Conversations and Connections - Barrelhouse Magazine's 2019 DC Writers Conference

I feel like I need to open with a disclaimer, which is namely that I am currently participating in Barrelhouse Magazine’s Short Fiction Boot Camp, so this conference was also a chance to meet instructors, and one classmate, from the program. Do what you will with that and all the praise I am about to heap on this conference.

I suppose I shall open with my criticisms. They are frankly few. So, Barrelhouse team pay attention to this part and not all of the nice stuff I’m going to add below (unless, you are having a bad day, then maybe you need a boost and you should just skip ahead).

  1. On the schedule provided in the programming, or on a separate bundle, please provide the names, bios, and social media contact information for all of the cool people you brought into the conference. At least their names.

  2. Please, provide an area to congregate or tables or something similar for us to mob the featured authors and poets after their session so we can get autographs and mingle without them signing books on their thighs and clogging up the space where a subsequent workshop is scheduled.

However enjoyable other conferences are, however extensively I’ve been able to network at them, however many great connections I have made, taking all the howevers into consideration of many other enjoyable writer conference experiences, I think this one delivers the most return on the conference fee. I deeply appreciate that.

I don’t think I have been to a writing conference, yet, and felt like it was a waste of time and money. I have a stack of signed books from authors I deeply admire and authors I was introduced to for the first time at conferences; I have pages of notes I’ve taken at workshops and panels; I have a stack of business cards, and a clutch people who occasionally notice me on Twitter, acquired from conferences. Afterwards, I am energized and excited to get back to writing. I am following new authors and literary magazines on social media platforms and excited to see what they have to say and more importantly what and where they’re writing. Literary conferences are awesome. Go! Learn! Enjoy! Get energized! Expand your network!

So, they’re great, but I think Barrelhouse Magazine may have put together the winner. Because however enjoyable other conferences are, however extensively I’ve been able to network at them, however many great connections I have made, however many great new reads I’ve purchased—-taking all the howevers into consideration of the many other enjoyable writer conference experiences I’ve had and will continue to have, I think this one delivers the most return on the conference fee. I deeply appreciate the value they place on my cash.

As at other conferences, you will meet authors, editors, publishers, etc. As at other conferences, you will find panels that provide insight into the business of being a writer, discussions of craft, and the inner workings of authorial approaches or best practices. As at other conferences, you will have an all-conference session with awesome authors.

So much you expect; but the team at Barrelhouse offers more.
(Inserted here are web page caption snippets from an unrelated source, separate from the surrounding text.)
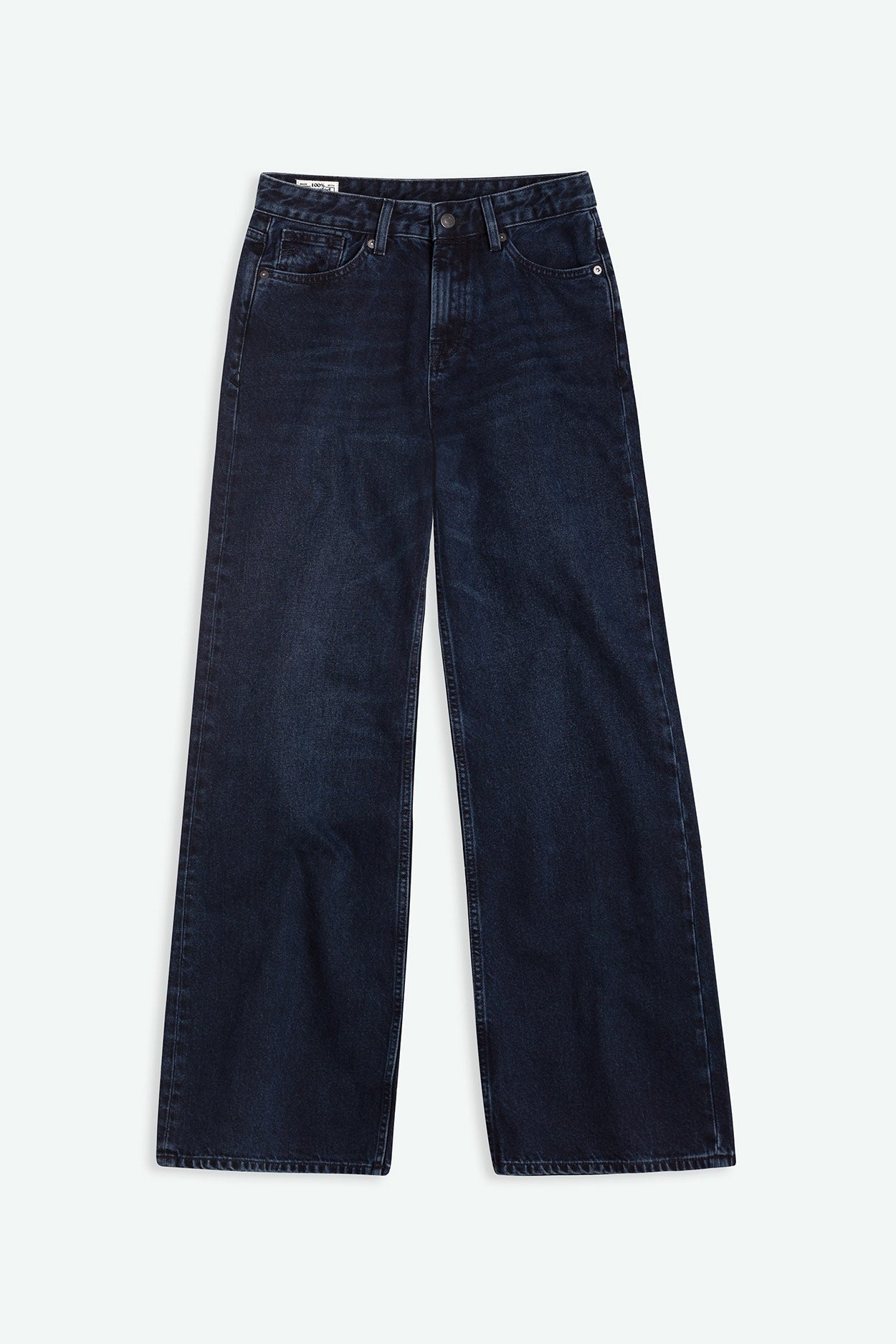 Jean évasé en coton recyclé | bleu "jane - holo blue black worn"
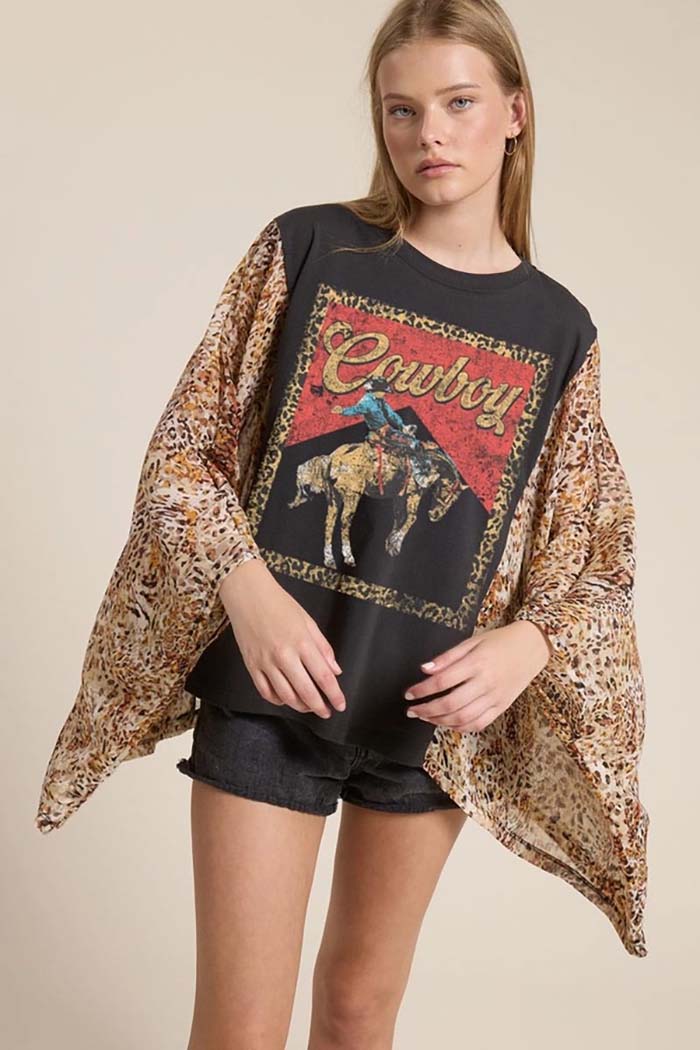 Cowboy Leopard Kantha Top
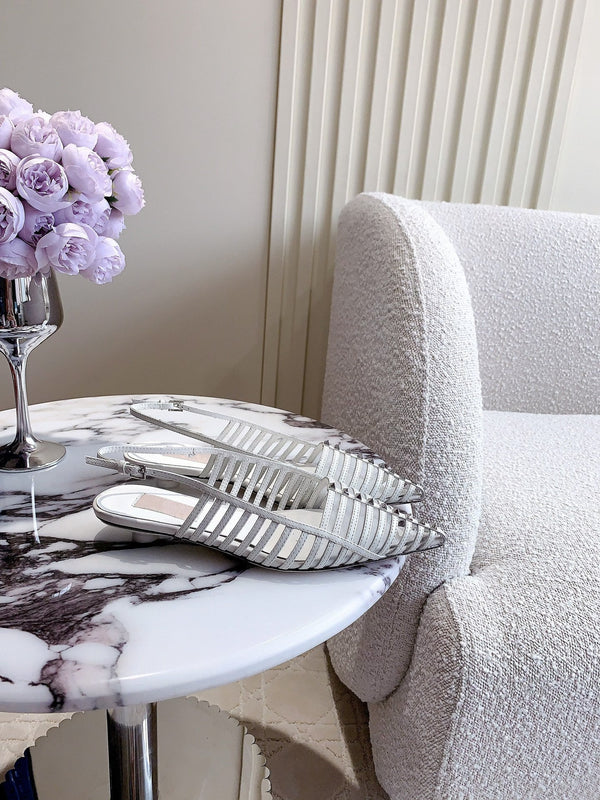 Mesh Slingback Ballerina White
As part of your conference fee (a fairly standard $75 for a single day conference based on my experiences) you get the following:

  • A literary magazine subscription (choose from a selection of four)—I selected Barrelhouse

  • A copy of one of the featured author’s recent published work—I selected Gabino Iglesias’s Coyote Stories, because Ivelisse Rodriguez had already signed a copy of Love War Stories at the Slice Literary Conference (and then I bought Randon Billings Noble’s Be With Me Always and Kyle Dargan’s Anagnorisis).

  • One 10-minute speed date with a lit mag editor—I was matched with Marisa Siegel from The Rumpus—and participants could spend $5 to go on more speed dates with other editors. The literary magazines get the cash.

  • And finally, not entirely unheard of but I think infrequent, in each time slot there was at least one workshop in which attendees participated in a guided writing activity and actually produced written work—I attended Kate Finegan’s workshop on description and had a fruitful writing session.

Now, I didn’t take enough pictures at the event because I was learning too much, thinking too much, and having too much fun, so content yourself with the photos above from the featured authors—the readings and Q&A were fantastic!

Here concludes the unironic superlatives.